Open MPI Development Mailing List Archives

  |   Home   |   Support   |   FAQ   |   all Development mailing list

Subject: [OMPI devel] Duplicated modex issue.
From: Victor Kocheganov (victor.kocheganov_at_[hidden])
Date: 2012-12-20 09:57:06


Hi.

I have an issue with understanding /ompi_mpi_init() /logic.
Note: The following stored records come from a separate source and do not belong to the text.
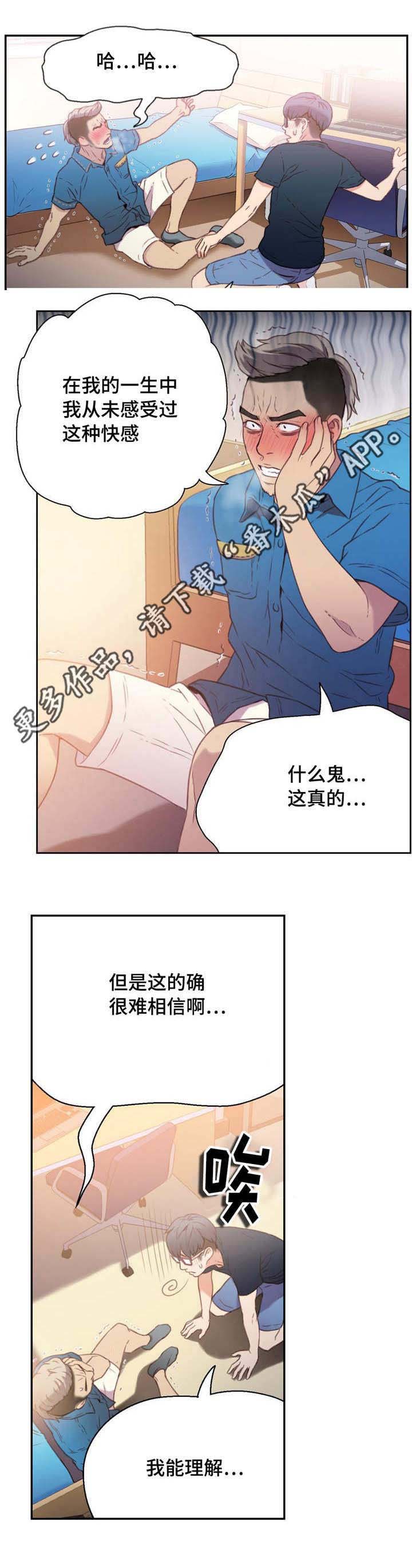 《超级吸引力》漫画最新章节第14章：测试能力免费下拉式在线观看章节第【5】张图片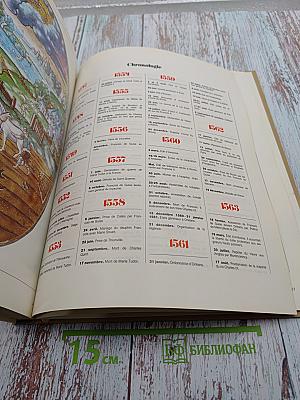 Les guerres de Religion 1547/1610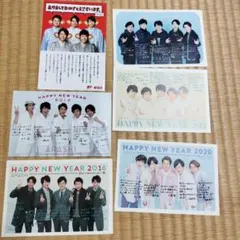 ARASHI 公式写真 年賀状セット 嵐　ファンクラブ会員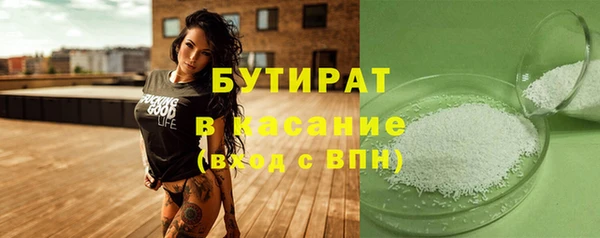 альфа пвп VHQ Елабуга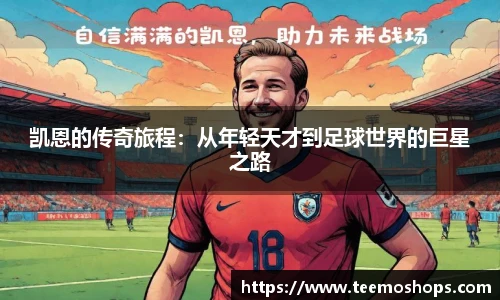 凯恩的传奇旅程：从年轻天才到足球世界的巨星之路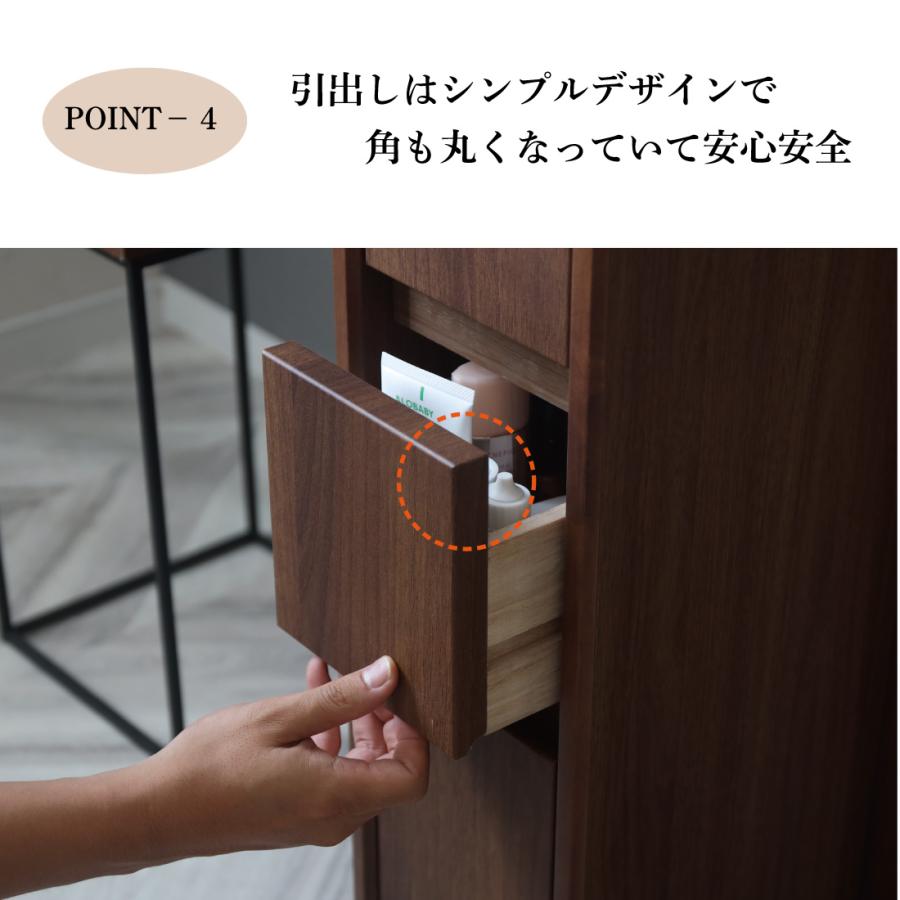 姿見ドレッサー ドレッサー スツールセット 収納 コンセント オーク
Could you
please tell me if you have any guesses about following behavior.

I wonder if I understand ringh, there is a block in /ompi_mpi_init()
/function for exchanging procs information between processes (denote
this block 'modex'):

         coll = OBJ_NEW(orte_grpcomm_collective_t);
         coll->id = orte_process_info.peer_modex;
         if (ORTE_SUCCESS != (ret = orte_grpcomm.modex(coll))) {
             error = "orte_grpcomm_modex failed";
             goto error;
         }
         /* wait for modex to complete - this may be moved anywhere in
    mpi_init
          * so long as it occurs prior to calling a function that needs
          * the modex info!
          */
         while (coll->active) {
             opal_progress(); /* block in progress pending events */
         }
         OBJ_RELEASE(coll);

and several instructions after this there is a block for processes
synchronization (denote this block 'barrier'):

         coll = OBJ_NEW(orte_grpcomm_collective_t);
         coll->id = orte_process_info.peer_init_barrier;
         if (ORTE_SUCCESS != (ret = orte_grpcomm.barrier(coll))) {
             error = "orte_grpcomm_barrier failed";
             goto error;
         }
         /* wait for barrier to complete */
         while (coll->active) {
             opal_progress(); /* block in progress pending events */
         }
         OBJ_RELEASE(coll);

So,//initially///ompi_mpi_init()/ has following structure:

    ...
    'modex' block;
    ...
    'barrier' block;
    ...

I made several experiments with this code and the following one is of
interest: if I add sequence of two additional blocks, 'barrier' and
'modex', right after 'modex' block, then///ompi_mpi_init() /hangs in
/opal_progress()/ of the last 'modex' block.

    ...
    'modex' block;
    'barrier' block;
    'modex' block; <- hangs
    ...
    'barrier' block;
    ...

Thanks,
Victor Kocheganov.